Partner Risk Assessment (Compromised Partners)
Organizations take measures to secure their users, collaboration applications, and emails. However, partners are one of the greatest threats to an organization. These are other companies that the organization maintains a business relationship with.
If one of the partners gets compromised, it is difficult for the email security solutions and the end users to detect these malicious and impersonated emails.
With Partner Risk Assessment in Harmony Email & Collaboration, you can proactively detect compromised partners.
Using the Partner Risk Assessment dashboard, you can view these:
-
All your organization's business partners
-
Risk indicators of partners that are possibly compromised.
To view the Partner Risk Assessment, click Analytics > Partner Risk.
Identifying a Partner
Harmony Email & Collaboration automatically identifies partners while inspecting the incoming and outgoing emails for threats and DLP.
To identify an organization as a partner, Harmony Email & Collaboration uses multiple methods like these:
-
External domain sending invoices to your organization's domain.
-
External domain with a significant volume of emails exchanged with your organization's domain.
Reviewing the Partners
Harmony Email & Collaboration shows the identified partners (compromised and uncompromised) in a table under the Partner Risk Assessment dashboard.
The Partners table has these columns:
|
Column Name |
Description |
||
|---|---|---|---|
|
Risk Score |
The severity of the detected Risk Indicators.
|
||
|
Partner Domain |
The partner's domain and its name.
|
||
|
Communication Volume |
An indicator of how many emails were exchanged with the partner in the last two weeks.
|
||
|
Internal Contacts |
The internal contacts that corresponded with the partner domain.
|
||
|
Partner Contacts |
The contacts from the partner domain that corresponded with your domain.
|
||
|
Risk Indicators |
A list of reasons a partner is considered potentially compromised. If Harmony Email & Collaboration detects a partner as uncompromised, it shows no indicators. For more information, see Risk Indicators. |
||
|
Last Risk Date |
Last time when a risk indicator was detected. |
Risk Indicators
Harmony Email & Collaboration detects different risk indicators and assigns them to partners.
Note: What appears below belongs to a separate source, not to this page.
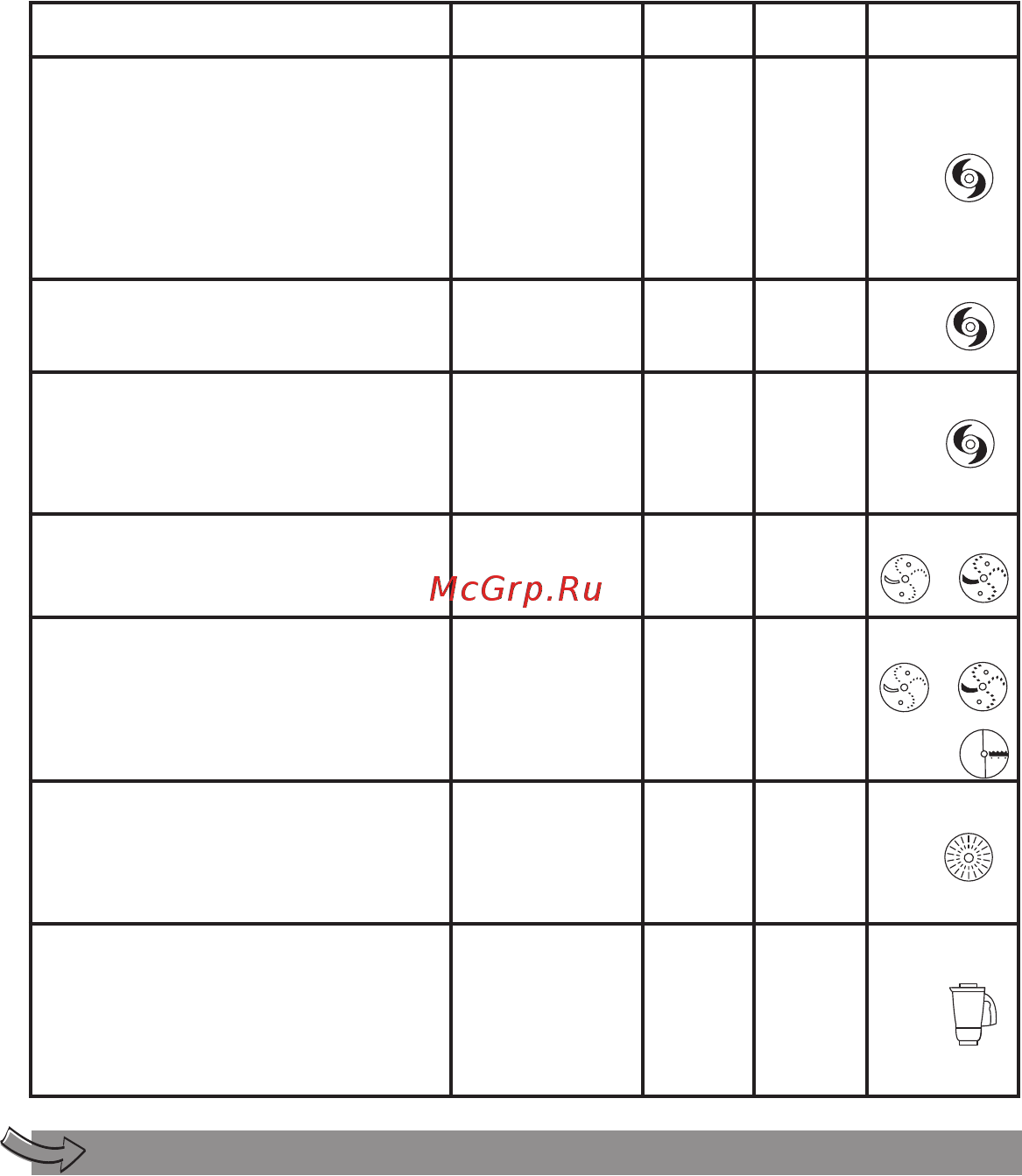 Moulinex MASTERCHEF 3000 FP3111BE [24/70] Seadme puhastamine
Each risk indicator has a risk score attached to it.
The risk indicators have these values:
|
Severity |
Risk Indicator |
Description |
|---|---|---|
|
Highest |
Phishing emails sent to your organization |
Check Point detected high-confidence phishing emails sent to your organization from this domain, and the sender was authenticated (SPF pass). |
|
High |
Phishing emails sent to other organizations |
Check Point detected high-confidence phishing emails sent to other Check Point customers from this domain, and the sender was authenticated (SPF pass). |
|
High |
Partner impersonation emails sent to your organization |
Check Point detected high-confidence phishing emails sent to your organization from this domain, but the sender was not authenticated (SPF fail). |
|
High |
Service being used to send phishing emails to your organization |
Check Point detected high-confidence phishing emails sent to your organization from this domain. This domain is a publicly available service that allows sending emails from it. |
|
Medium |
Partner impersonation emails sent to other organizations |
Check Point detected high-confidence phishing emails sent to other Check Point customers from this domain, but the sender was not authenticated (SPF fail). |
|
Medium |
Service being used to send phishing emails to other organizations |
Check Point detected high-confidence phishing emails sent to other Check Point customers from this domain, and this domain is a publicly available service that allows sending emails from it. |
Stop Considering a Partner as Compromised
When Harmony Email & Collaboration detects a partner as compromised, it adds the relevant risk indicator to the partner. This risk indicator remains valid only for the next 72 hours.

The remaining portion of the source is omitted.